Input data:
++++++

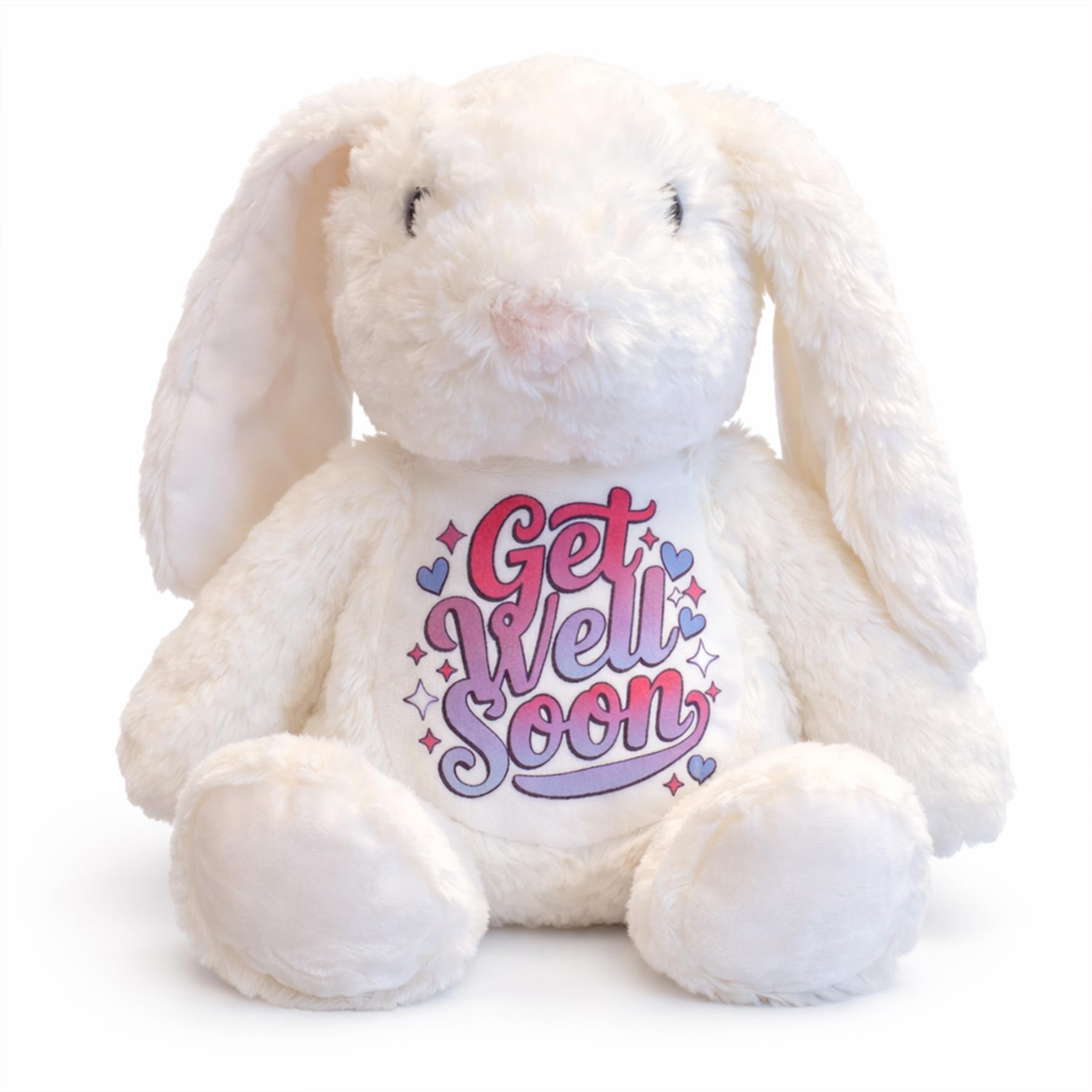 Silly Dog Designs - Get Well Soon Bunny Soft Toy - Comfort Plush Gift with Tote Bag & Poem Card - Cute Recovery Gift for Children & Adults - Pink, Brown or White Bunny (White)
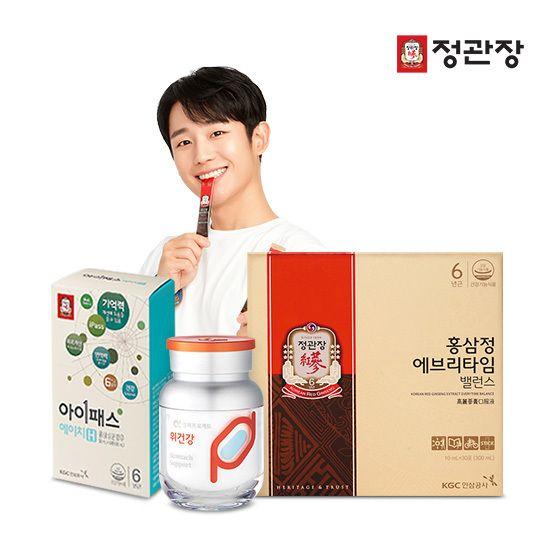 Prodotti Jeong Gwan Jang esposti, inclusi integratori e bevande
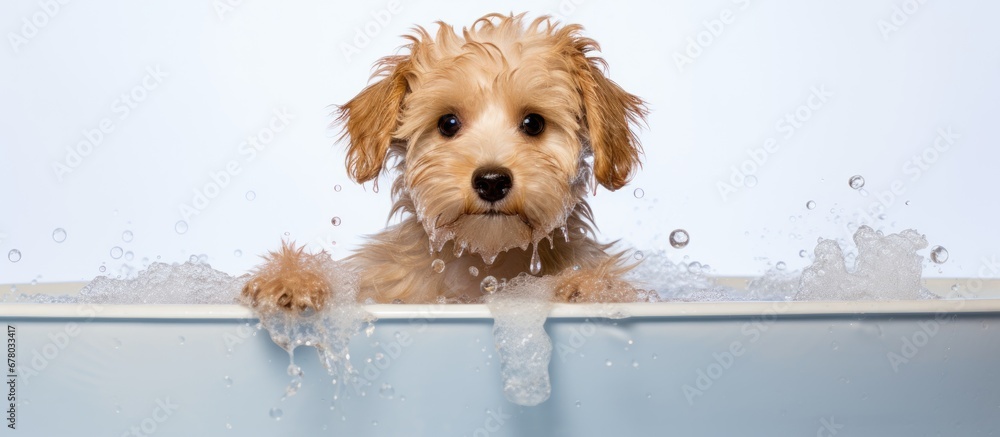 Poster dog being washed alone in studio basin on white background copy space image place for adding text or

++++++

Problem to work on: Reproduce the lines above exactly, please, but not the pictures in them.

Output for this exercise:
 Silly Dog Designs - Get Well Soon Bunny Soft Toy - Comfort Plush Gift with Tote Bag & Poem Card - Cute Recovery Gift for Children & Adults - Pink, Brown or White Bunny (White)
 Prodotti Jeong Gwan Jang esposti, inclusi integratori e bevande
 Poster dog being washed alone in studio basin on white background copy space image place for adding text or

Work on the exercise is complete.